Thursday, 11 April 2013
Requejo de Sanabria
This is one of those place names we find it impossible to pronounce, as the receptionist at the Parador made clear to me this morning. I had an eerily comfortable night there, a complete contrast to "normal" life on the Camino. The breakfast buffet would have been sufficient to feed every pilgrim walking the Via de la Plata from Seville to Santiago at the present time, I´d guess.
As I prepared to launch forth with my rucksack, the rain, which had looked intermittent from my balcony, started to pour down with a vengeance, and there seemed to be no wind to blow the cloud along as in previous days. So, heeding the various health experts I´d consulted about my leg - I always enjoy that phrase you read, "He´s been advised by his doctors..." - I decided to give myself a further rest day, and caught a taxi the 11kms. here this morning. En route, I saw, battling through the rain, the Australian with whom I´ve walked from time to time since Zamora, so we stopped and gave her a lift too. (She thought she was about to be abducted.)

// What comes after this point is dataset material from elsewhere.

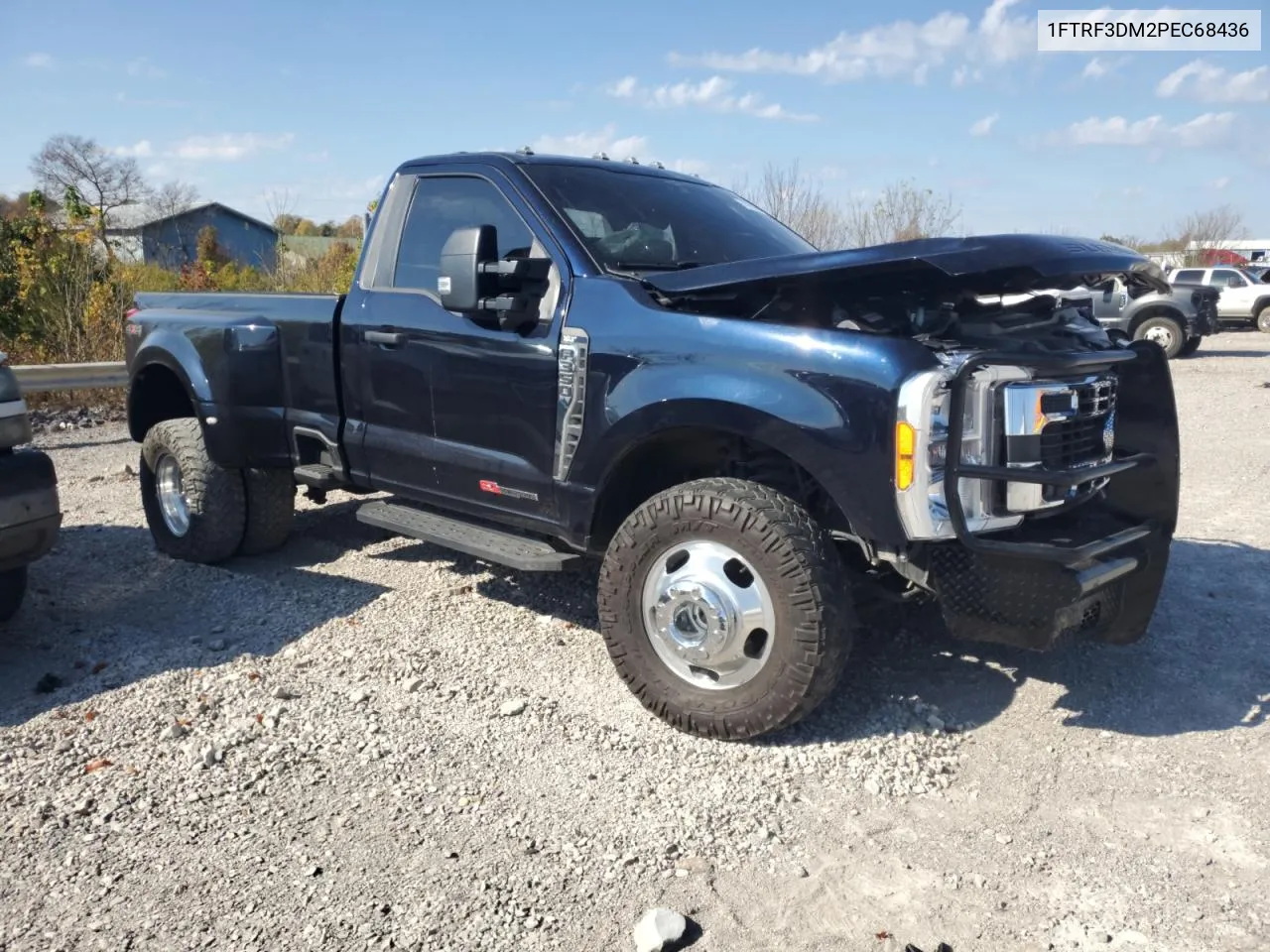 2023 Ford F350 Super Duty VIN: 1FTRF3DM2PEC68436 Lot: 78185704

The economy of Requejo must have benefitted considerably from the work on the new Madrid-Vigo AVE line: you can see the enormous tunnel entrance in course of construction over to the left of the village. For lunch, alongside a dozen railway workers in their yellow jackets, I had Caldo Gallego for the first time, a rather delicious soup, followed by trout cooked with bits of ham - as tasty as anything provided yesterday by the Parador, at less than a fifth of the price.
Tomorrow, it´s a total of 19kms. to Lubian, with a climb of 320m over the 10kms. to the (1360m) pass at the Portillo de Padornelo. Because of the AVE works and the rain, we are advised to walk on the road - comparatively boring, but then the scenery is magnificent and there is next to no traffic.